Run TRIM or freeze
I manage a home server that is used by multiple people mostly as a fileserver and hosting for personal projects. It runs on an Ivy Bridge-era Xeon and Supermicro X9SRi-F motherboard. It’s plenty powerful for our needs, but ever since I upgraded to this setup from the previous chinese “X79” motherboard, the server started freezing randomly. First it was maybe once a month, which a watchdog took care of, but lately it grew to freezing multiple times a day. The motherboard had a faulty BIOS flash chip, but that turned out to be a separate problem (an easily remedied one, thankfully). I ran CPU and memory stress tests, but they didn’t induce the freezes with any regularity.
The server was becoming unusable, so I got a new motherboard and CPU, found a great deal on 4x16GB DDR4 RDIMMs, and replaced most of the server. Only the disks, PSU and case remained, so I thought the freezing was surely gone.
A day after the transplant, the new system froze, partially. Some services kept running, while others died or hung on connection. Thankfully, this time it managed to save some logs. Looking through them, I saw many reports of processes not stopping after being killed and a failure to unmount
/boot/efi. This finally gave me a hint to the real problem.

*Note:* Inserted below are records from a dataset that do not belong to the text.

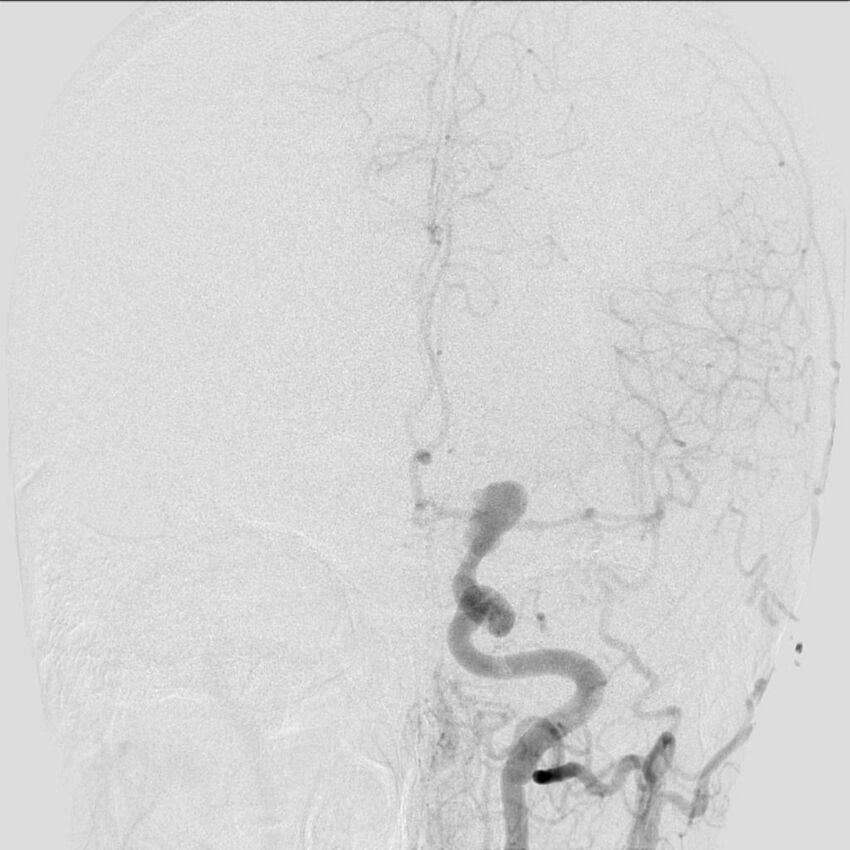 Cerebral aneurysm with rupture (Radiopaedia 29933-30458 LT ICA IC 15).jpg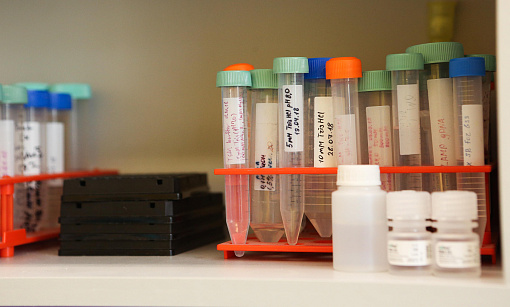 Уникальный препарат от сахарного диабета разрабатывают новосибирцы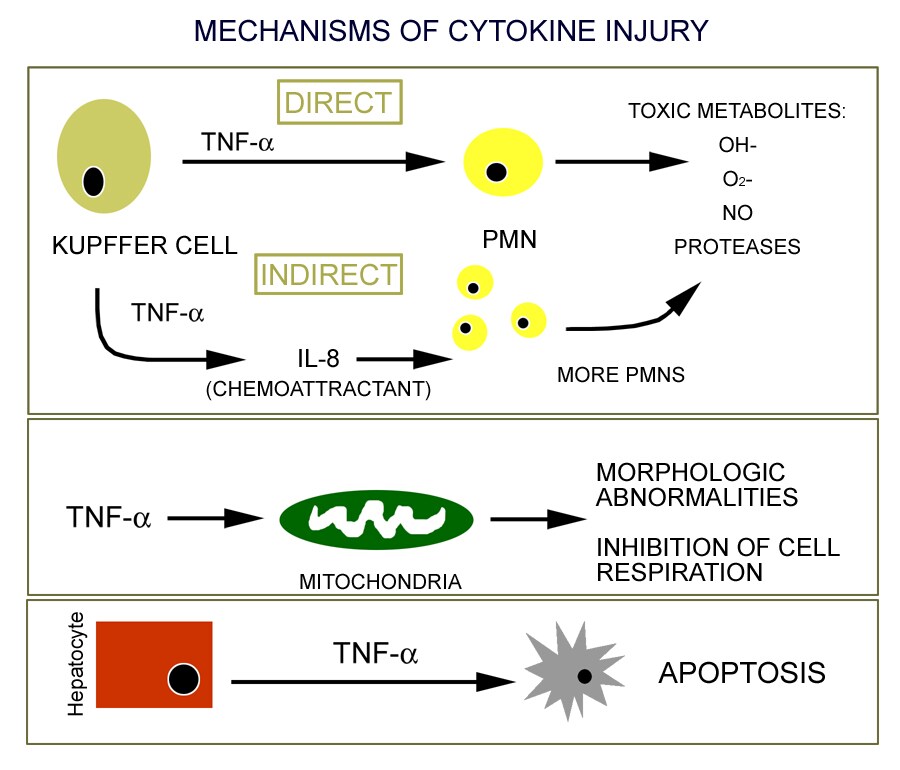 Alcoholic Hepatitis: eMedicine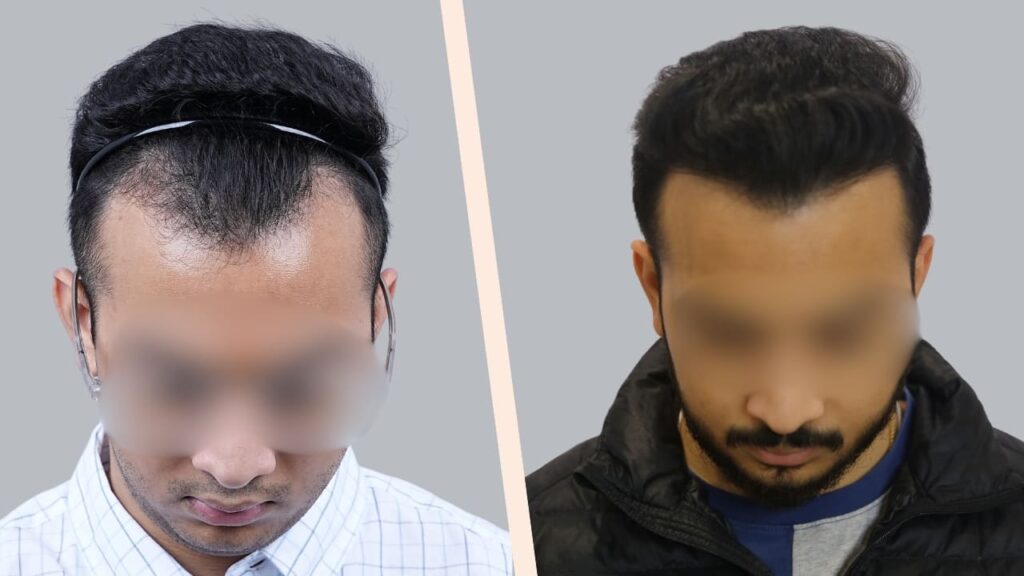 NORWOOD GRADE III Hair Transplant Result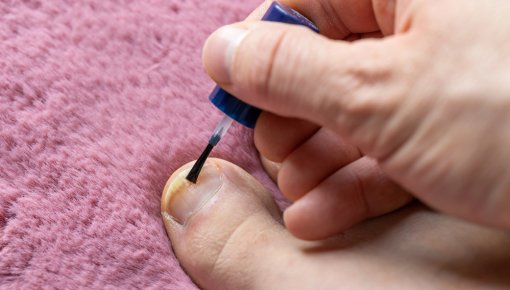 Photo of nail fungus on a big toe being treated with medicated nail polish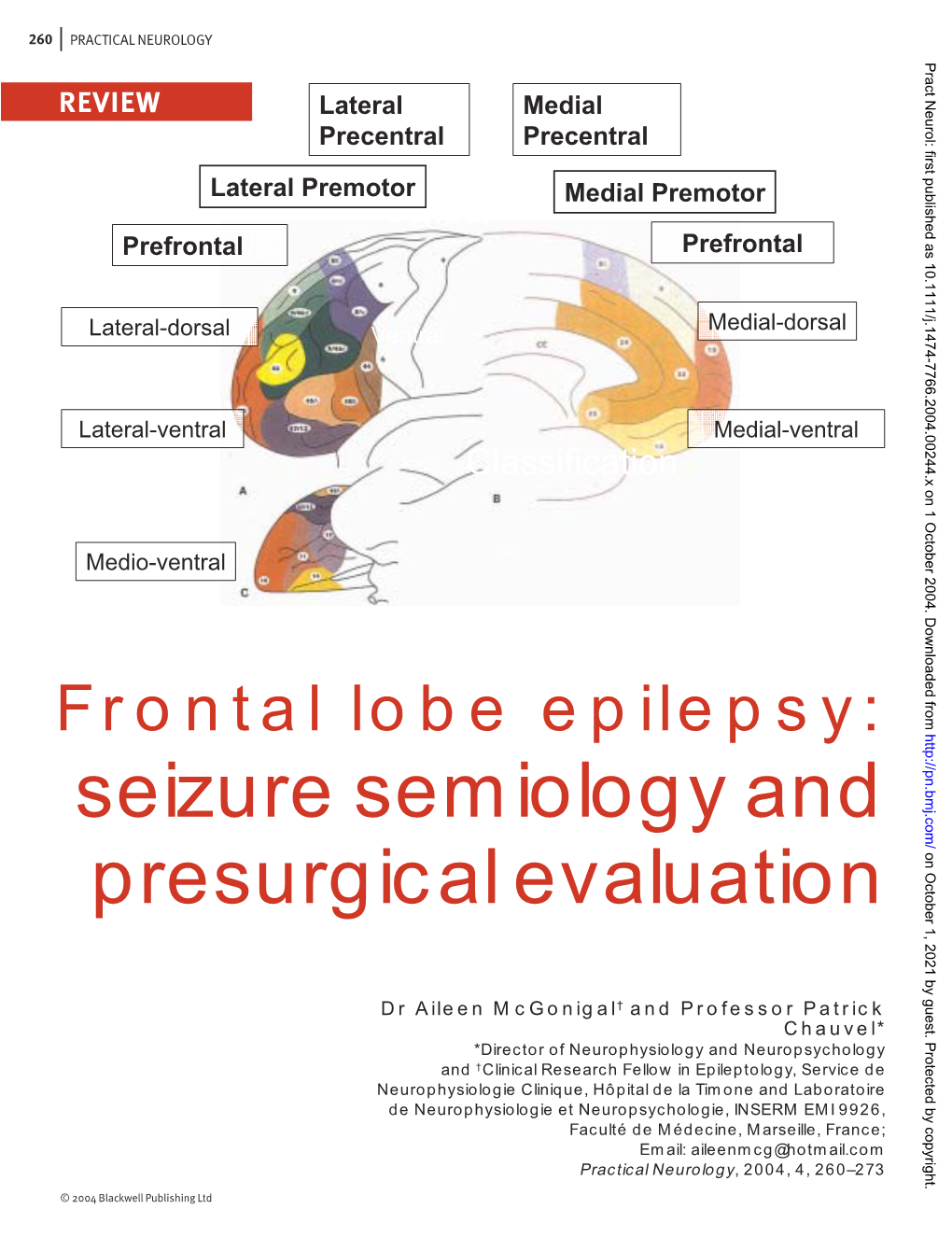 Seizure Semiology and Presurgical Evaluation on October 1, 2021 by Guest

This is speculation, but I believe the freezes were caused by hung IO to the root SSD. I didn’t notice whichever Debian version I first installed didn’t enable
fstrim.timer, so the root SSD was never TRIMmed. I think the SSD ran out of free blocks, possibly it could no longer overwrite a used one, and instead of throwing an error, it dropped the request. Now that I’ve enabled periodic TRIM, I haven’t seen any freezes in more than a week.
Short morale of the story: TRIM your SSDs, they break in strange ways without it.